Thankfully, I had always loved school. I still have my kindergarten and 1st grade report cards with perfect marks (though I was often told by teachers that I spoke out of turn). From 6th grade through high school, I diligently followed a plan I'd set in motion in which I earned a near-perfect four-point-something GPA, finished in the top 5% of my high school class, played baritone in the concert band, ran track and cross country, and served as a school leader in multiple organizations (yep, you're looking at the former VP of the Math & Science Club at Killeen High School and the former President of the Future Business Leaders of America Chapter). I joined the oratory team and won my first competition reciting Langston Hughes' "Dream Deferred" and, most of all, I had helped the local March of Dimes chapter raise $120,000 at the annual walk my senior year.

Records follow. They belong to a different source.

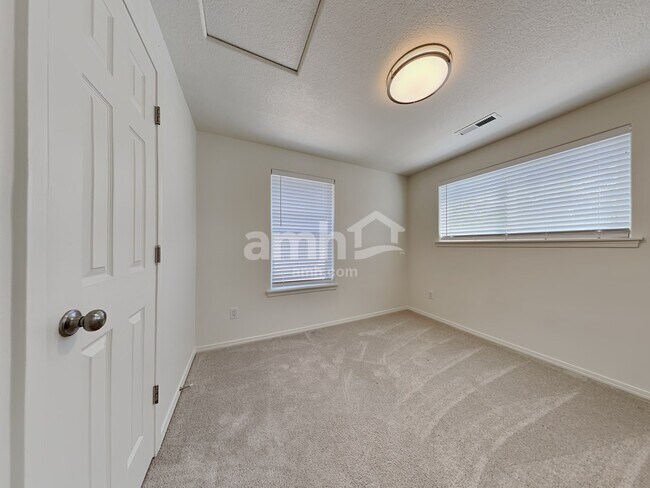 Building Photo - 1410 SE 7th Way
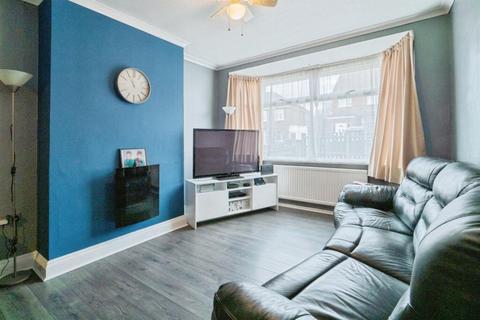 3 bedroom terraced house to rent, Morden, London, SM4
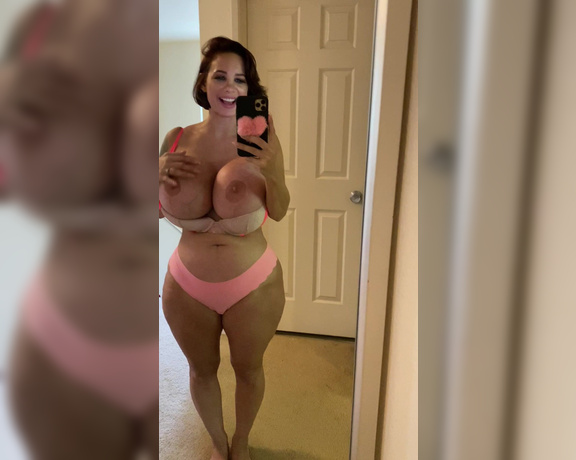 Brittany Elizabeth Welsh aka Thebrittanyxoxo OnlyFans - Holy dannnnnnng!!!!! The moment I pull this sucker down was amazing Bra is wayyyyy too small but y’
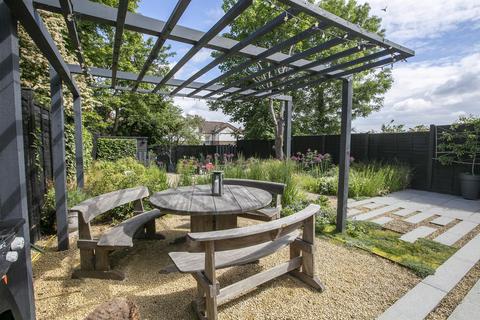 9 Burghill Road, London, SE26 4HJ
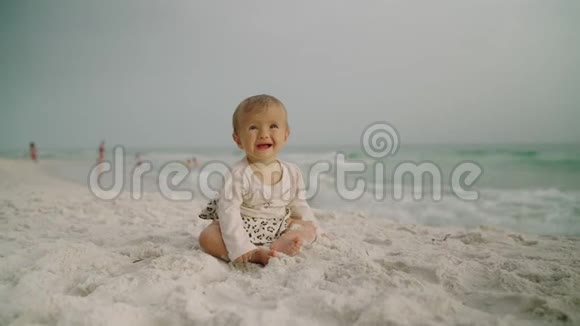 在海边可爱的小女孩巴拿马城市海滩视频的预览图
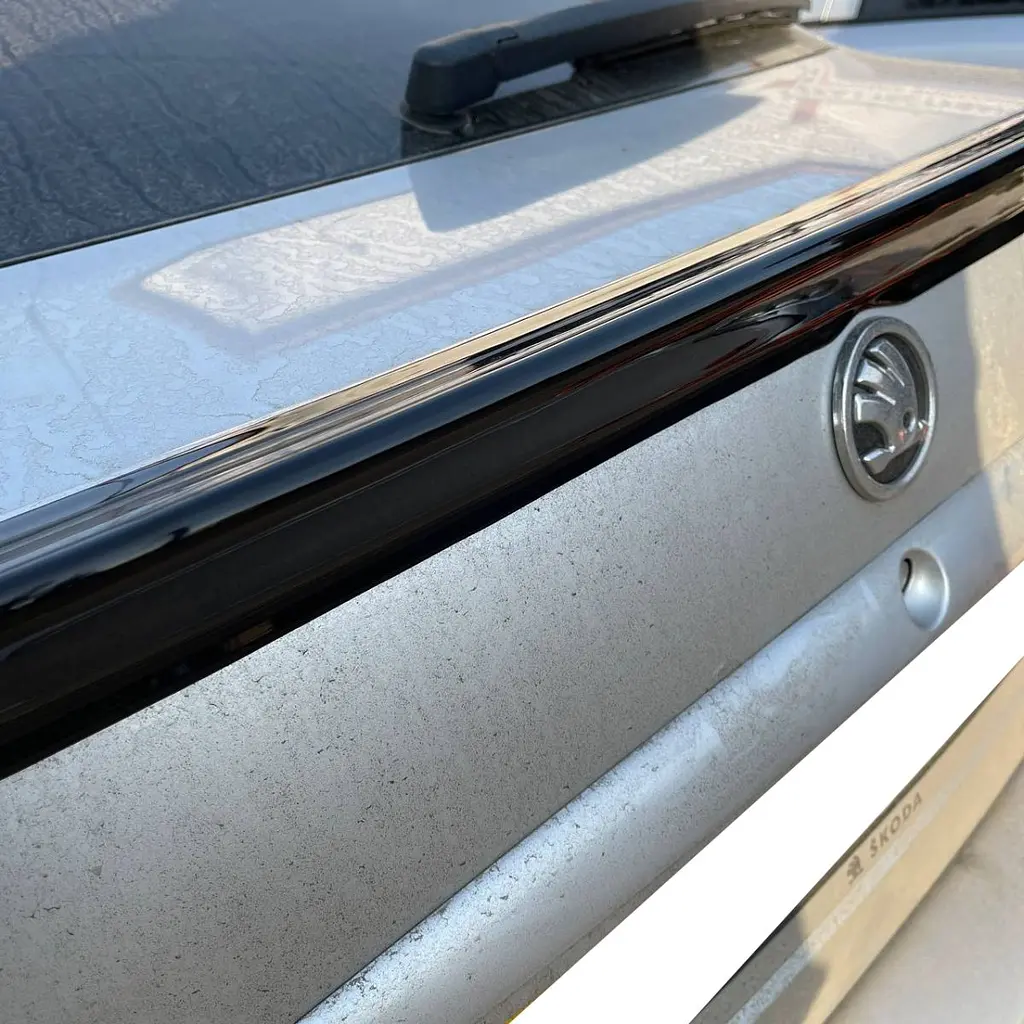 Спойлер пір'янка на кришку багажника для Skoda Octavia Tour 1996-2010 Глянець Voron glass - фото 3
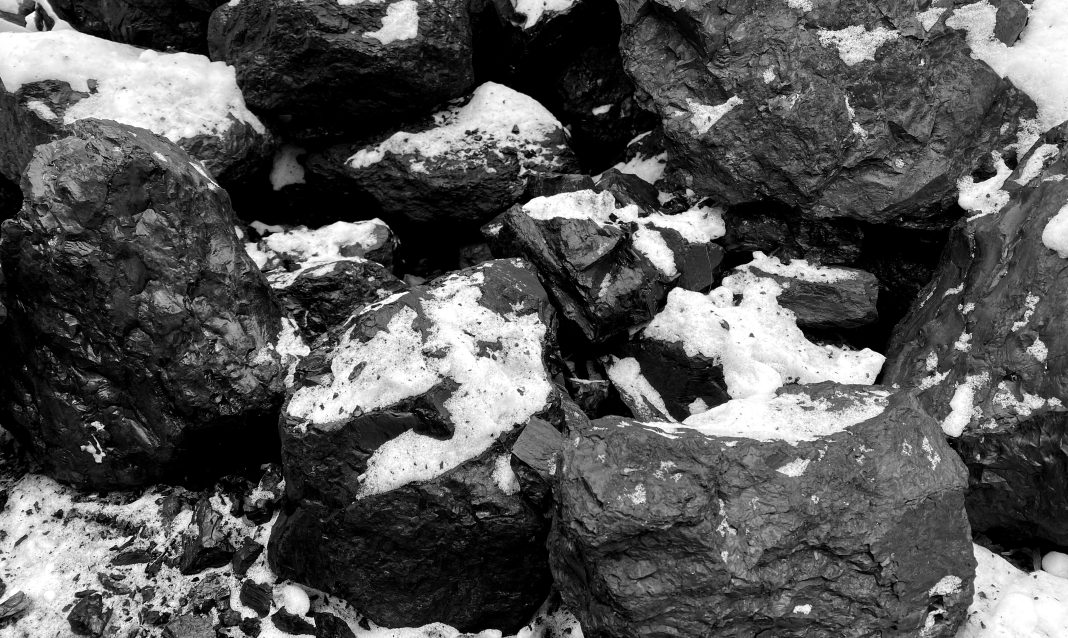 Уголь. Фото pulse19.ru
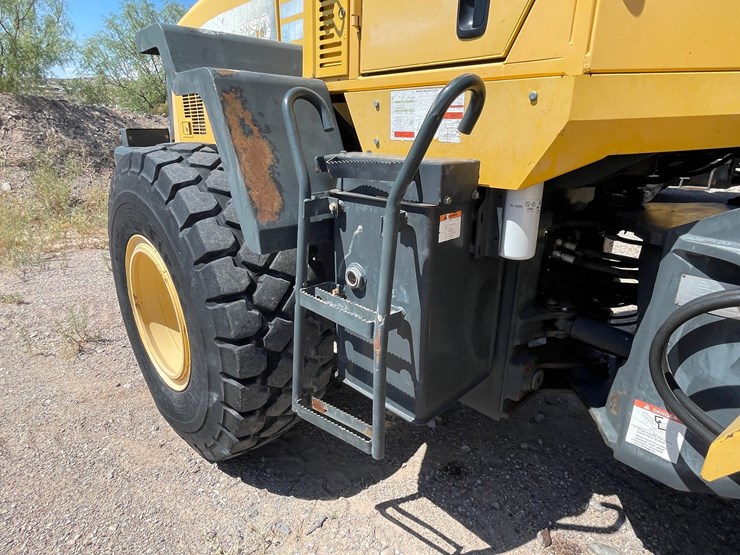 2006-komatsu-wa250-image-32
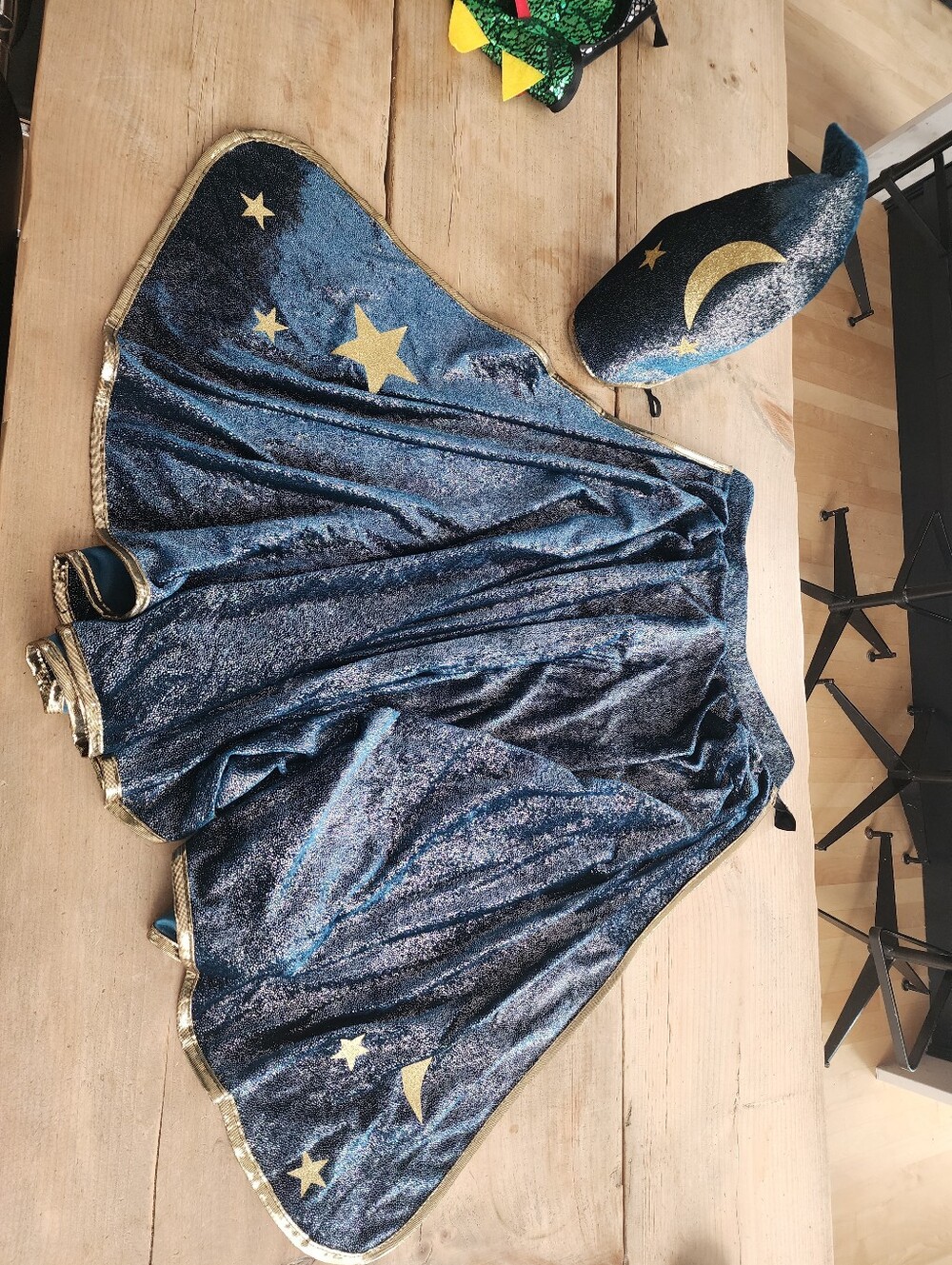 Great Pretenders Kids Costumes – Wizard + Reversible Dragon/Knight Capes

I wanted to go to either the University of North Carolina in Chapel Hill or the University of Texas at Austin. I considered UVa, Michigan and UC-Berkeley but felt they were too expensive, too far from home or too cold.
Then I totally bombed the SATs. I got waitlisted by UNC, but got accepted to UT due to their top 10% rule. Thank you, Texas. Then the hard part; paying for it.
I had a speech class during the second semester of my senior year. It was one of those easy classes seniors take to have an easy finish. I would help out the teacher for 30 minutes (there were a lot of underclassmen in the class) then she'd let me fill out scholarship applications the rest of the period before I left for track practice and then my evening job at Pizza Hut where I worked 30 hours a week.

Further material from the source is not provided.